Es absurdo querer hacer del líder de la Transición una especie de Cid Campeador que gana elecciones después de muerto. Sin embargo; no deja de ser curioso observar como la figura de Adolfo Suárez ha llegado a ocupar un espacio tan relevante en la memoria histórica de los españoles como para que en la disputa por el centro político sea un tema tan relevante como lo puede ser la postura ante una reforma constitucional o la respuesta ante el desafío independentista en Cataluña.

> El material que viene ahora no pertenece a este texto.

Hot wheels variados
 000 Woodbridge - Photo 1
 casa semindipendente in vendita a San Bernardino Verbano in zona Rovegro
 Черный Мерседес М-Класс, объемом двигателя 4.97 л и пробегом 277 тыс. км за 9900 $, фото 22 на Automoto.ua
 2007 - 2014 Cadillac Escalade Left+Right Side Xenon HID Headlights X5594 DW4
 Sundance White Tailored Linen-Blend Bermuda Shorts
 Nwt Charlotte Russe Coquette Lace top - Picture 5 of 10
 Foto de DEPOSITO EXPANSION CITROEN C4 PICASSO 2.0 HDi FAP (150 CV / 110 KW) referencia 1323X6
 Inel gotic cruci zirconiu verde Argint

“Mi misión es vender ilusiones”, llegó a afirmar en alguna ocasión. Creo que no se puede negar que el concepto que tenía Suárez de la política se aproxima bastante a lo que hoy llaman nueva política, digamos que se acerca a las formas de lo que está haciendo ya una nueva generación de políticos. La influencia que haya podido tener el ejemplo de Suárez en ello, o si se trata tan sólo de algo circunstancial sólo se podrá valorar en el futuro o quizás nunca llegaremos a calibrar del todo. Ojalá que no tengamos que repetir el brindis del presidente Suárez en uno de sus últimos actos como presidente del Gobierno, “brindo por España, esperando que tenga unos dirigentes políticos mejores de los que actualmente posee”.